Patient experience changes are often subtle at first – longer hold times on the phone, different intake paperwork, new portal software. They become less subtle when a practice is relocated, when a well-regarded physician assistant leaves and is not replaced quickly, or when out-of-network billing errors surface that the old front-desk staff would have caught. None of these outcomes are inevitable, but they are common enough in rollup integrations that patients in markets where consolidation is accelerating should pay attention to billing statements and insurance coverage confirmations more carefully than before.
The same pattern is appearing across healthcare specialties. Regional oral surgery practices selling to DSO networks have followed a nearly identical acquisition logic – PE-backed management entities buying clinical practices, retaining the physicians under employment-style contracts, and building toward a platform sale. The orthopedic wave is larger in dollar terms, but the structure is recognizable.

The Regulatory Blind Spot
Federal antitrust enforcement has historically focused on hospital mergers and large insurer consolidations. Physician group rollups, particularly in specialties outside primary care, have received far less scrutiny – partly because individual transactions are often small enough to fall below mandatory reporting thresholds. A PE firm acquiring a six-physician orthopedic group in a mid-sized metro does not trigger a Hart-Scott-Rodino filing. Acquire twelve such groups across a region over three years, however, and the combined entity controls a meaningful share of orthopedic surgical capacity in markets where patients have few alternatives.

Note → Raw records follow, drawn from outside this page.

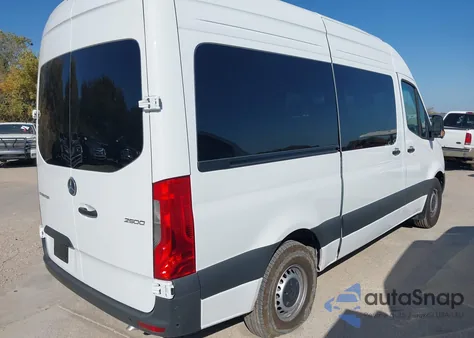 2025 Mercedes-Benz Sprinter 2500 Standard Roof 4-Cyl Diesel from USA, damaged, VIN W1Z4KFHY3SP761664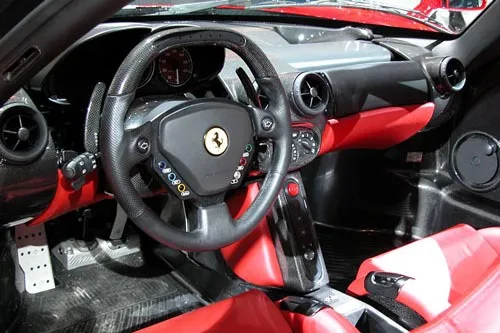 Ferrari Enzo — Fotos des Vorbilds 2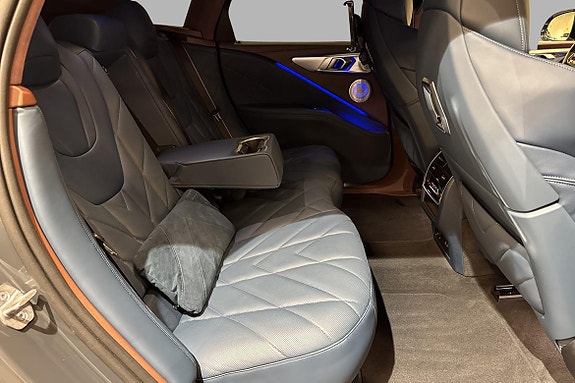 BMW XM 30 of 30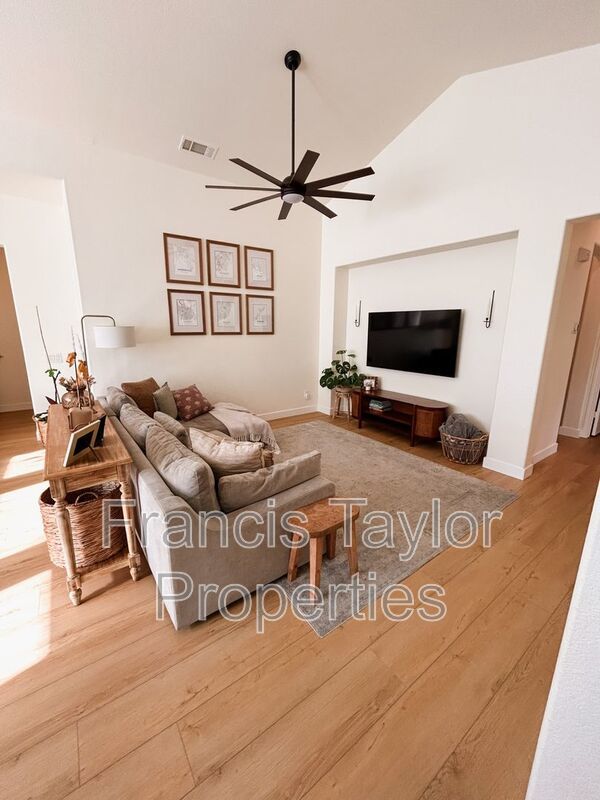 Upgraded Home in Woods Valley ! property image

State medical boards regulate licensure and clinical standards but have no jurisdiction over business ownership structures. That gap is where most of the leverage in these transactions lives. The physicians keep their licenses; the PE firm keeps the revenue. Whether that arrangement ultimately harms patient access or drives up facility fees in concentrated markets is a question that regulators are only beginning to ask – and one that physicians who sold five years ago are quietly starting to answer for themselves.

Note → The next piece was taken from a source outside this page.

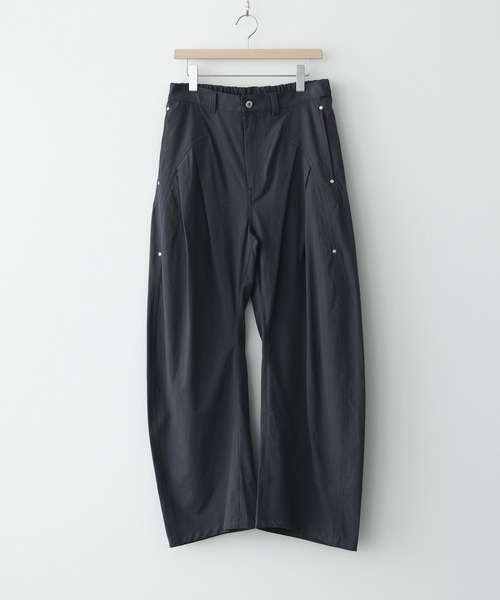 remer（リメール）の「コットンギャバタックカーブパンツ - cotton gabardine tuck curved pants（その他パンツ・メンズ・チャコールグレー/ブラック・LARGE/MEDIUM/SMALL/X-SMALL）」の18枚目の写真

The more immediate tension is for physicians still weighing whether to sell. The liquidity event is real. The operational relief is real. But so is the loss of autonomy over hiring, scheduling, and the pace of clinical work. Several orthopedic surgeons who completed PE-backed transactions have subsequently bought back their practices or departed the platform entirely when the post-acquisition environment diverged from what the letter of intent described. The non-compete clauses attached to these deals – often spanning two to five years and covering broad geographic radii – make that exit expensive.